Created 01-12-2018 01:23 AM
My Sqoop import appears to be failing at the step where it copies the data from the hdfs INPATH to the Hive table the data is being imported to. I pasted the last snippet of the output below. When I test the status code from the Sqoop command it returns a 1. I suspect it is something with my Linux shell script, because I have other versions of the script that work fine.
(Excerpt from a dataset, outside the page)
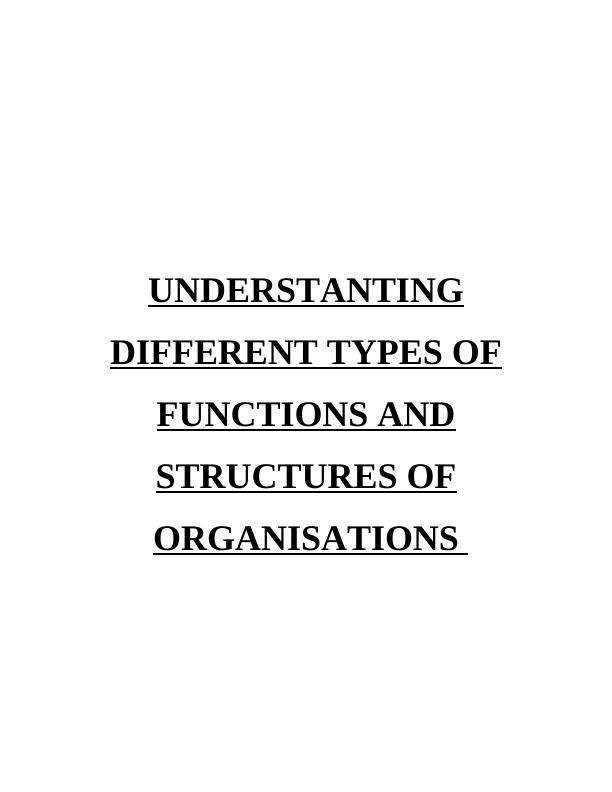 Understanding Different Types of Functions and Structures of Organisations_1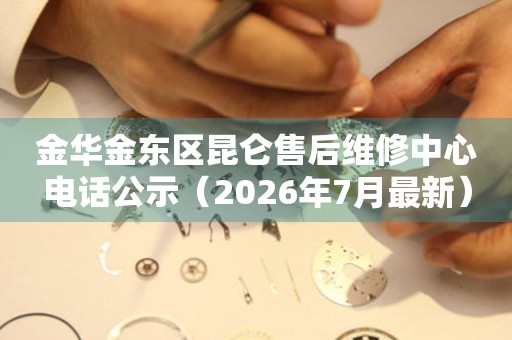 金华金东区昆仑售后维修中心电话公示（2026年7月最新）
I have not been able to debug this even though I have turned on --verbose option in Sqoop and examined log files from YARN. I am pretty sure the error has something to do with the data not being correctly transferred from the hdfs directory where the files are imported to the hdfs directory associated with the managed table (name shown below) but I can't find any error messages that point me to the solution. Any ideas how to debug this? 18/01/12 00:54:53 DEBUG hive.TableDefWriter: Load statement: LOAD DATA INPATH 'hdfs://surus-nameservice/data/groups/hdp_ground/sqoop/offload_scan_detail_staging_test' OVERWRITE INTO TABLE `hdp_ground.offload_scan_detail_staging_test` 18/01/12 00:54:53 INFO hive.HiveImport: Loading uploaded data into Hive 18/01/12 00:54:53 DEBUG hive.HiveImport: Using in-process Hive instance. 18/01/12 00:54:53 DEBUG util.SubprocessSecurityManager: Installing subprocess security manager Logging initialized using configuration in jar:file:/usr/hdp/2.4.2.0-258/hive/lib/hive-common-1.2.1000.2.4.2.0-258.jar!/hive-log4j.properties
Created 01-12-2018 04:46 AM
Can you attach sqoop log and hive service logs?
Created 01-12-2018 05:30 PM
Created 01-15-2018 09:21 AM
Logs are hiveserver2.log and hivemetastore.log.
I'm gonna ask you some questions.
First, check whether existing directory of hive table or not in HDFS.
As far as I know, do not use param "--hive-overwrite" with "--delete-target-dir".
Just remove "--hive-overwrite", and re-run your query.
The sqoop job cannot re-create hive table's directory in HDFS normally after removed existing table directory.
I think, it is a bug..
Second, check the type matching of columns between Oracle Table and Hive Table.
* had to be cast to a less precise type in Hive <- this issue is related with supporting hive datatypes from Oracle, MySQL, PostgreSQL..etc.
Such as "Oracle Table : Timestamp - Hive Table - String.